结果那猪本就不是食用品种,割开之后全都是肥肉脂肪,瘦肉只有一层而已,腻死个人。
百色本地的香猪,是真正肉质奇香的良猪。
许是水土的缘故,此地的香猪皮薄骨细,肉质鲜嫩异常,肥而不腻,口感绝佳。
烹饪时无需过多佐料,只需白水煮透,切成薄片,蘸上特制的酸辣酱汁,便已是人间至味。
那瘦肉弹牙,肥肉香嫩,裹着酸辣味在口腔中绽开的时候,逼的人非得扒拉两口竹筒饭,不然怕把舌头跟肉片一起咽下去。
崔九阳一边大快朵颐,一边竖起耳朵。
听着粤东会馆神道天的教徒恭恭敬敬的,将百色的情况一五一十说明。
汇报内容,大多是关于大浮山七十二洞中各路妖魔的信息,这个妖怪使什么法器,那个妖魔有什么神通……这些信息收集的十分完整。
同时,还将前期清剿行动取得的一些成果一并说来。
而最让崔九阳感兴趣的,却是那名教徒支支吾吾说出的,一些神道天失利的消息。
按照这名教徒的说法,清剿大浮山的行动,本该进展的更为顺利。
然而实际执行过程中,却屡屡受到来自本地土司的暗中阻挠。
这些土司,在本地经营了元、明、清三个朝代,早已是树大根深。
数百年来,他们手握行政、军事、司法三大权力。
在这片土地上,几乎便是说一不二的土皇帝。
虽从前清那会儿开始,朝廷便慢慢推行改土归流政策,废除土司世袭制度,改设流官治理。
但其实收效甚微。
如今已是民国,土司制度在名义上确实不复存在,但在百色一地,那些传承已久的土司家族,依旧拥有着极大的影响力。

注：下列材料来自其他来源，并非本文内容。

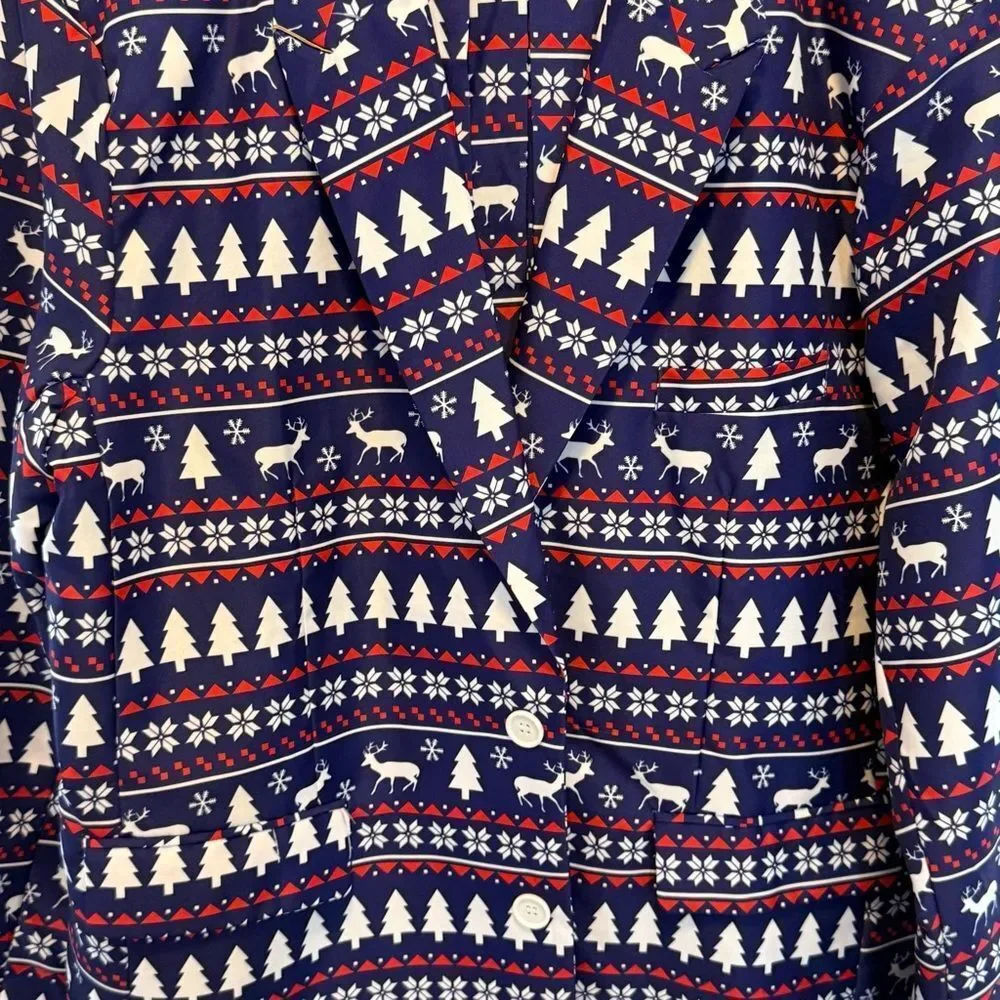 Festive Blue Christmas Suit including Jacket, Pants and Tie XXL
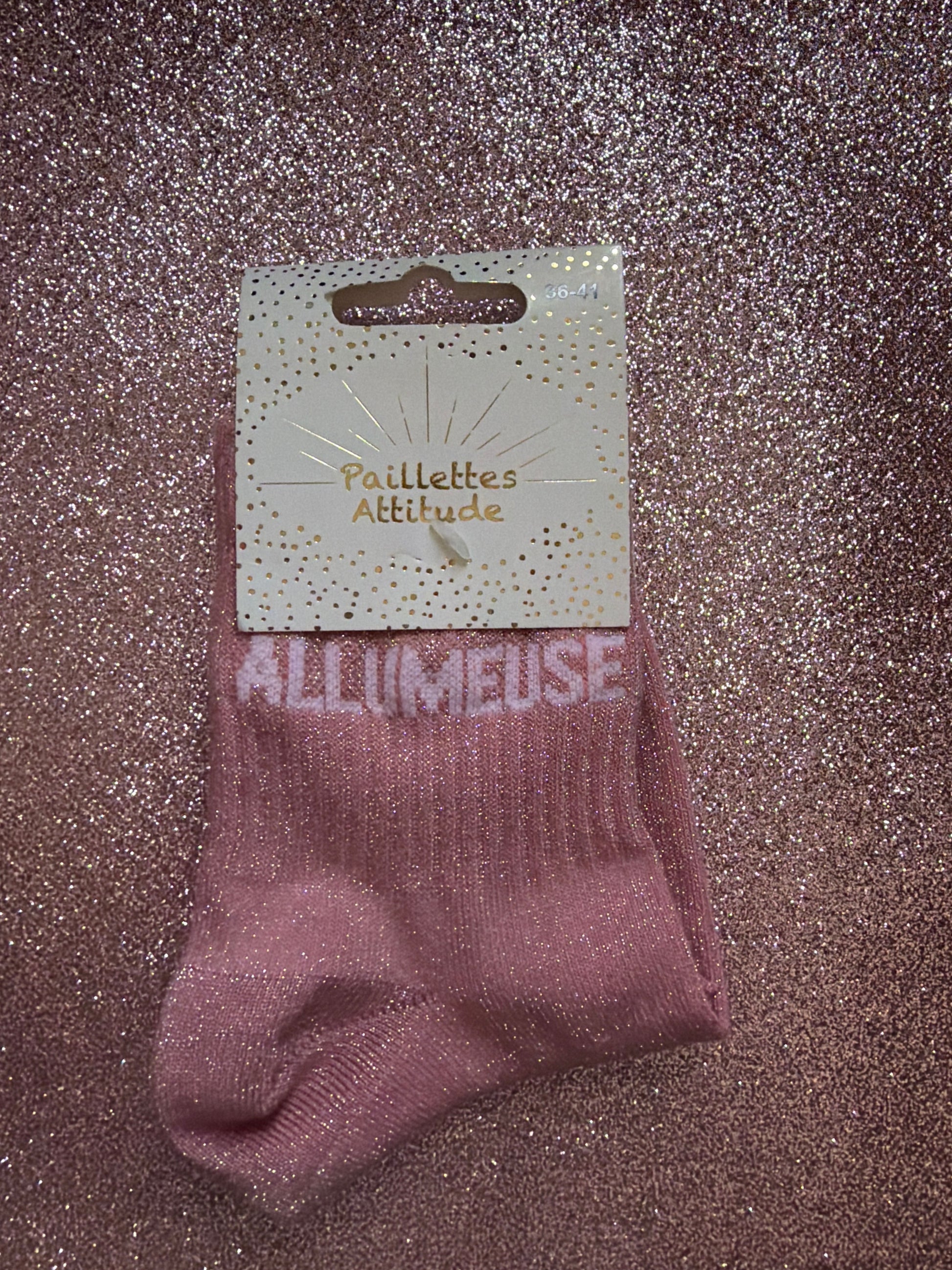 Chaussette de ville pailletée rose ALLUMEUSE 36/41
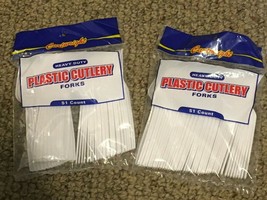 100 WHITE Plastic Forks Premium Quality Disposable Silverware Heavy Duty Cutlery - £10.75 GBP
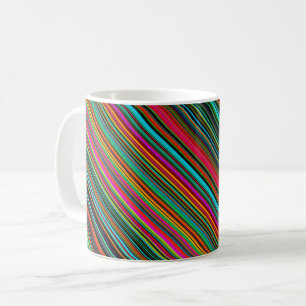 Färgglada randiga flervärger kaffemugg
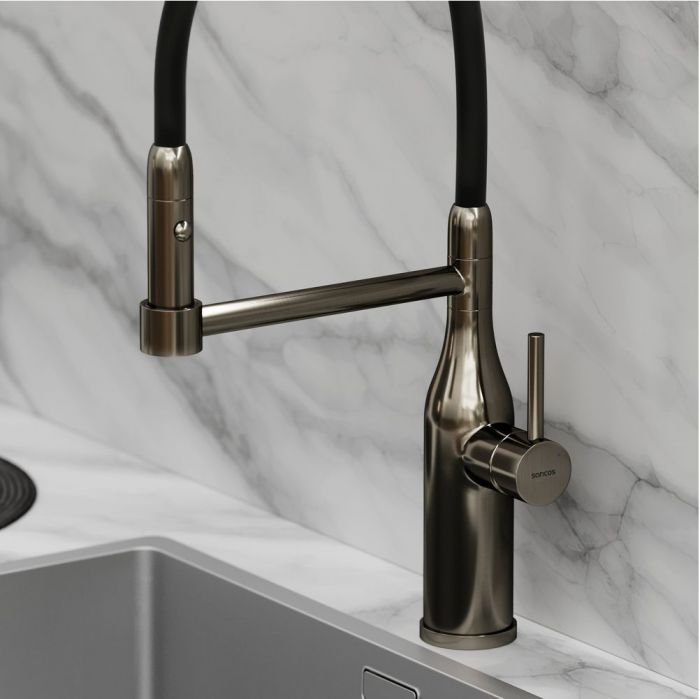 Смеситель для кухни Sancos Pride с гибким изливом, цвет вороненая сталь/черный, SC4011GG
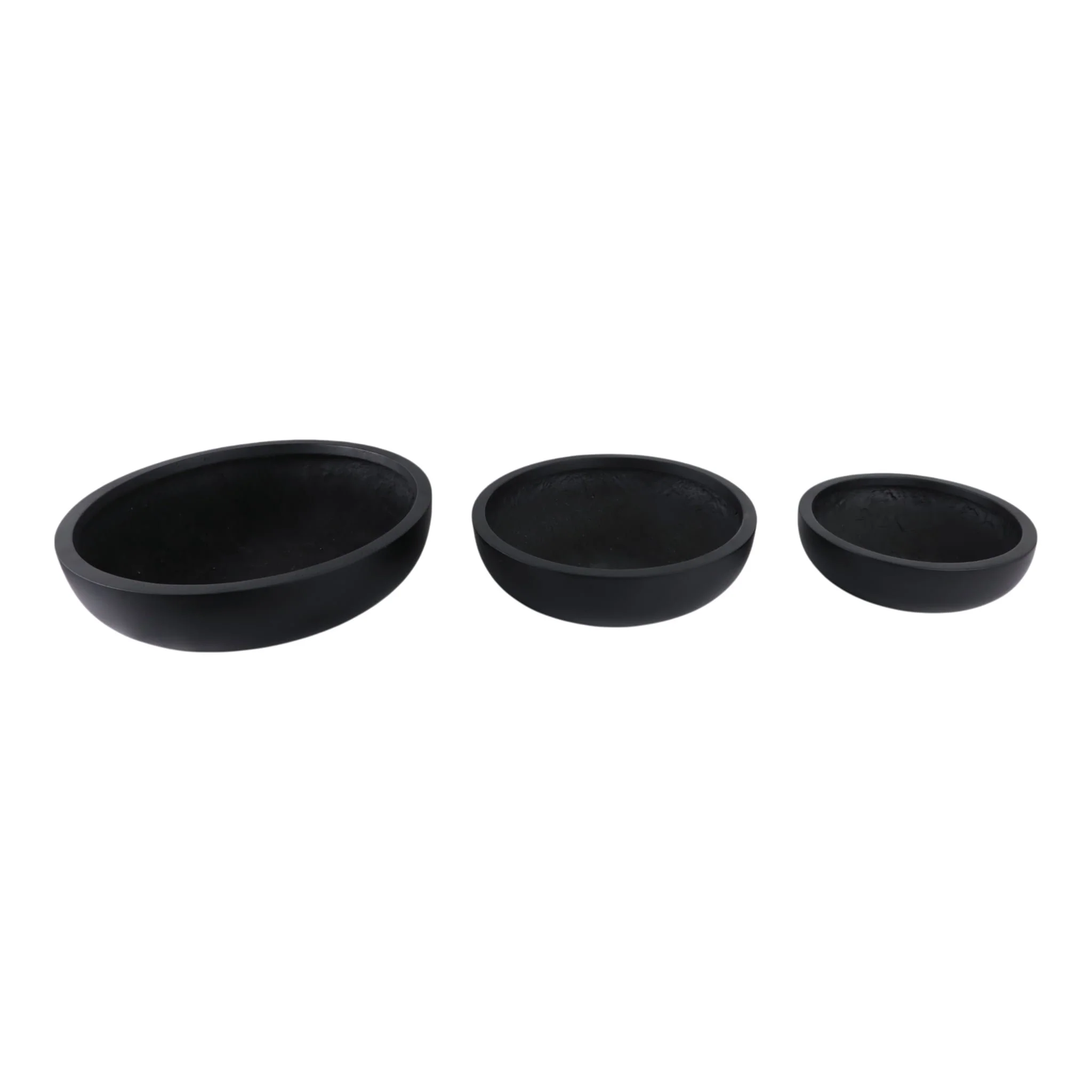 S/3 13/17/21" Low Bowl Planters, Black - Image 3
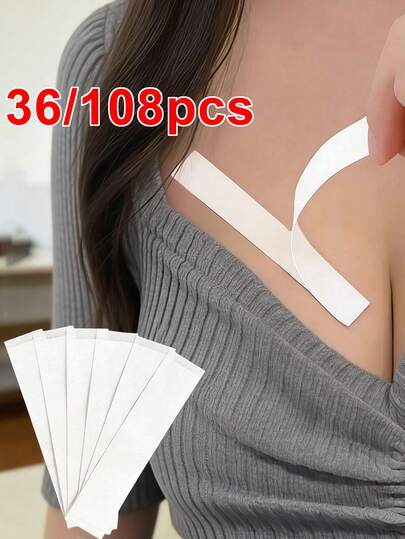 108/36pcs Non-Slip Clothing Tape, Fashion Bra Strap Covers, Dress Strap Holders, Double-Sided Wardrobe Tape, Essential For Back To School And Parties - All Products Designed To Prevent Clothing Malfunctions And Ensure Secure Fit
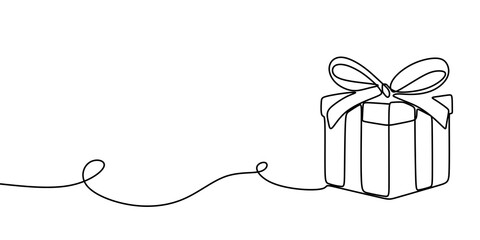 Out line drawing of gift box. Gift box line art outline vector illustration. Merry Christmas decoration. Wavy one line with gift box.
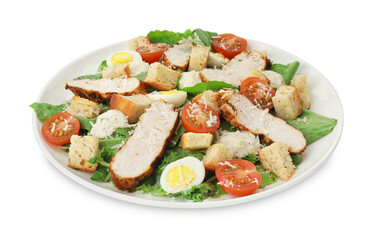 Tasty Caesar salad with chicken isolated on white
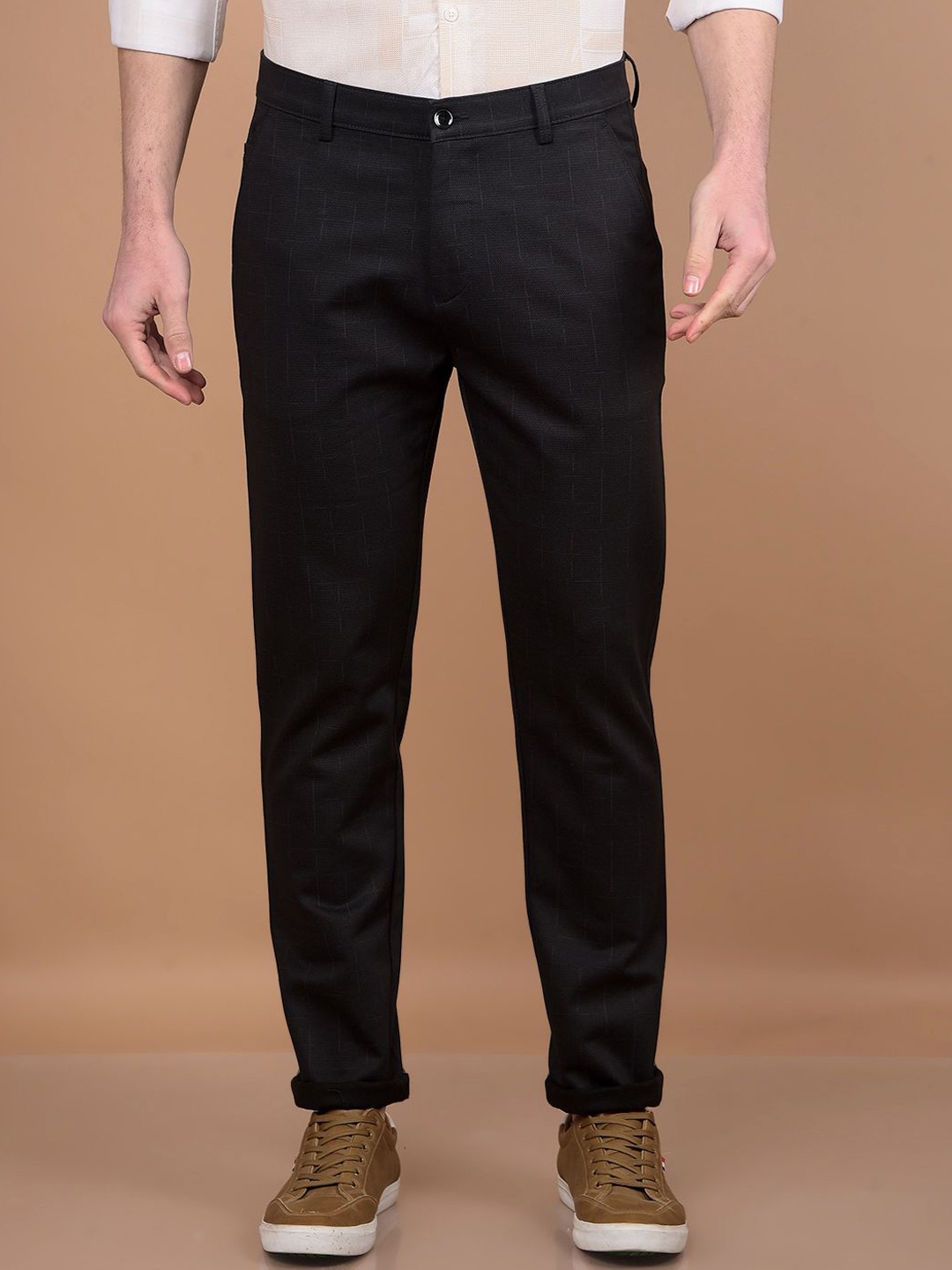 

Crimsoune Club Men Checked Smart Slim Fit Chinos, Black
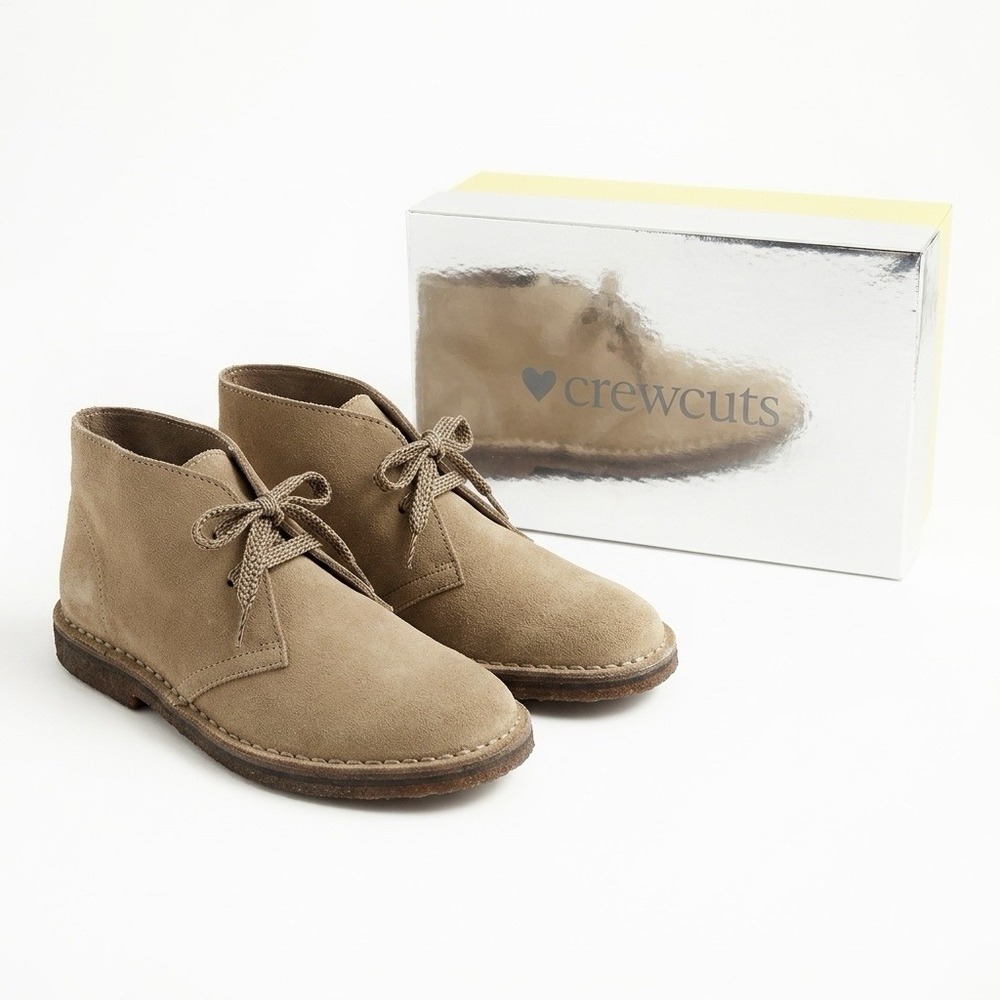Crewcuts 1990 MacAlister boots suede Dark Chestnut Boys Size K 1 Made Italy NEW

他们虽失去了世袭的官职和独立的行政权,但家族中,仍有大量族人在地方政府担任要职。
县区级的知事并不少见,村镇的保甲长更是由他们的人遍地安插。
不仅如此,土司家族还掌握着大量的土地、山林地契。
民众们想要种地、进山,甚至是死后入土安葬,都需征得土司家族的允许。
他们从行政和经济上,已经牢牢掌控了当地百姓的生计,这种掌控力已经足够强。
更别提本地野神教派的大部分神职,也都被土司家族的人攥在手中。
面对土司家族这种从生到死、从魂魄到肉身的全面掌控。
即便是神道天这等势力,初到此地传教时,也遭遇了不小的阻力。
事实上,神道天如此看重清剿大浮山一事,本身也与这些土司脱不了干系。
几百年前,朝廷设立这些土司,本是让他们担负起保一方平安的职责。
最初,他们倒也还算尽职尽责,但随着时间推移,他们搜刮民脂民膏的手段愈发贪婪狠辣,早已不满足于简单的收税收租。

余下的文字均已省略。